Telle est dans son ensemble l’entreprise philosophique de Kant. Son premier défaut, le plus frappant de tous, celui qu’on a tant de fois et si justement signalé, c’est le défaut d’unité. La Critique de la Raison pure et la Critique de la Raison pratique ne forment pas une philosophie homogène, mais en quelque sorte deux philosophies distinctes et contraires, qu’aucun artifice de logique ou d’analyse ne saurait concilier.
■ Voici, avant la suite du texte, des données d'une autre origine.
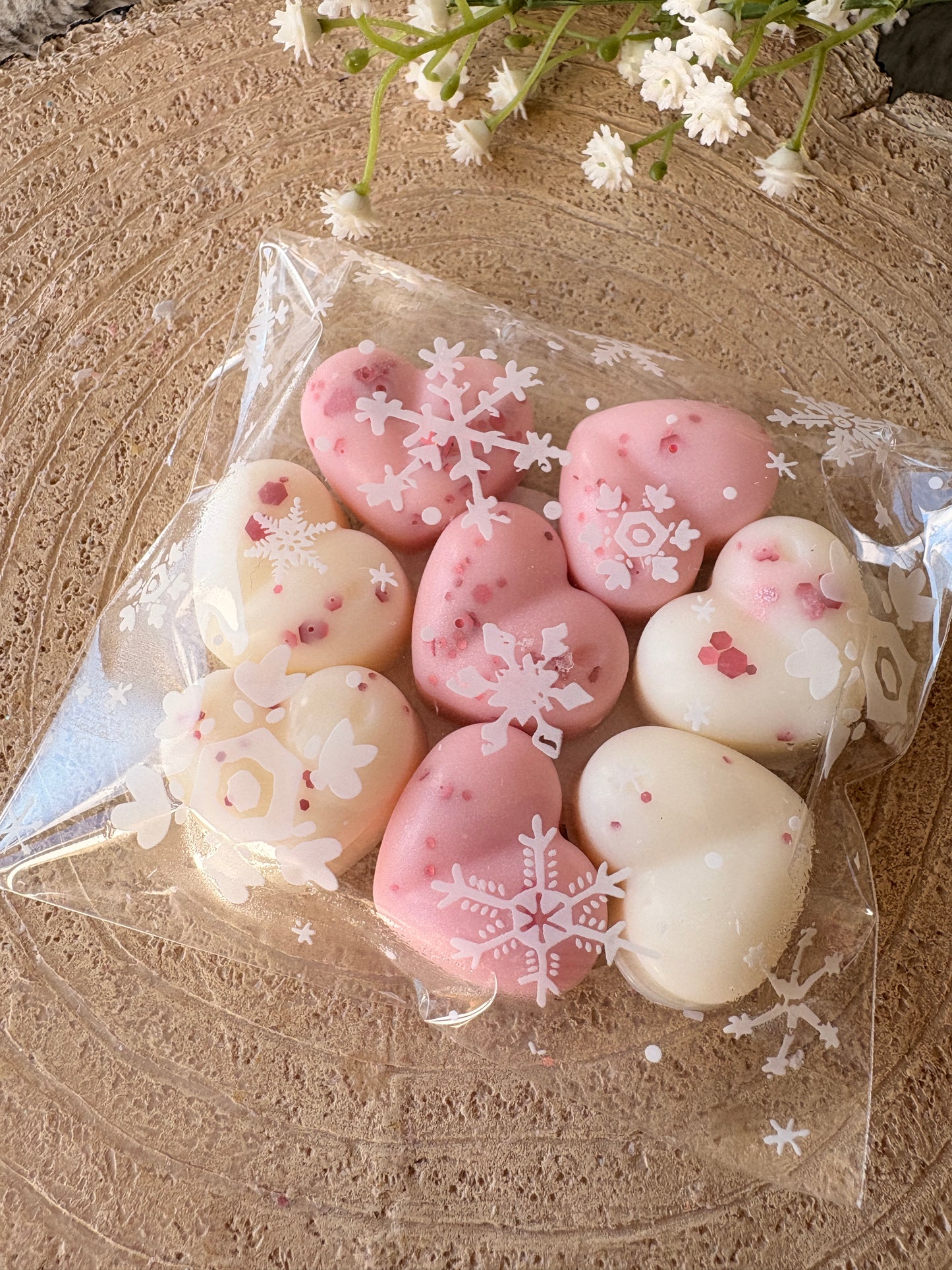 Peony & Blush Suede Wax Hearts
Ce n’est pas tout : Kant a composé une troisième critique, la Critique du Jugement, qui, en s’ajoutant aux deux autres par d’ingénieuses combinaisons, enrichit sans doute, mais aussi complique sa philosophie. Dans cet ouvrage qu’une exacte et habile traduction[1] vient de donner à notre littérature philosophique, Kant développe sur l’idée du beau des vues originales et profondes qui sont devenues le fondement de toute l’esthétique allemande, et rattache à cette idée essentielle de l’esprit humain une autre notion fondamentale, celle de finalité ou de cause finale qui tient une si grande place dans la science de la nature. A la rigueur, l’esthétique de Kant qui n’attribue à l’idée du beau aucune valeur objective est en parfaite harmonie avec l’esprit général du système, mais dans la théorie de la finalité on voit poindre des idées qui, bien faibles encore, dépassent déjà infiniment l’horizon de la philosophie

  1. Voyez Critique du Jugement, suivie des Observations sur le beau et le sublime, par Emmanuel Kant, traduit de l’allemand par M. Barni. — Chez Ladrange, 2 vol. in-8o.